Volkswagen has come under fire for cheating official car pollution tests in the US and Europe. Isn’t it about time we could trust the claims car makers make?

Today’s headlines extensively cover the Volkswagen scandal, where the car manufacturer has admitted rigging environmental tests. Since then, the story has escalated quickly, with many European Ministers calling for an EU-wide investigation into the issue.

Volkswagen emissions scandal

The scheme was discovered by the International Council on Clean Transportation (ICCT), which noticed discrepancies in results of laboratory and real-world testing of diesel Volkswagen cars in Europe. ICCT then tested the cars’ actual emissions in real-world driving in the US, where car emission limits are much lower than in Europe. Much to their surprise the pattern was repeated – while the cars passed lab tests performed by the California Air Resources Board, they failed the real-world tests.

So what was going on? Well, Volkswagen managed to artificially lower its tailpipe emissions by using a ‘defeat device’. This allowed Volkswagen to hide the fact that its diesel cars produce pollution up to 40 times the legal limit. We’ve got a bit more info about how this works in our online Q&A, but in short it can detect when the car is being run under lab conditions. Once the car returns to normal road use, the software switches itself off.

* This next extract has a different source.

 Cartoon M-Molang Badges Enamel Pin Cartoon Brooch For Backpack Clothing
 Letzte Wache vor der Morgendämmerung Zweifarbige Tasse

Volkswagen has said that 11 million of its diesel cars are affected around the world, with models such as the Golf, Passat and Audi A3 included. The company had already been ordered to recall 500,000 cars in the US, and has set aside €6.5bn to deal with the cost of the scandal.

Fuel economy claims

Car makers claiming figures that are unachievable in real life isn’t news to us. In spite of miles per gallon (MPG) figures being used to pass official standards and promote product characteristics in advertising, we’ve repeatedly shown that these claims very frequently miss their mark, and this is across all manufacturers.

Considering the Volkswagen story we decided to look at the MPG values of diesel cars from both VW and its competitors. You can see the full results here, but on average they missed their claimed figures by 12%.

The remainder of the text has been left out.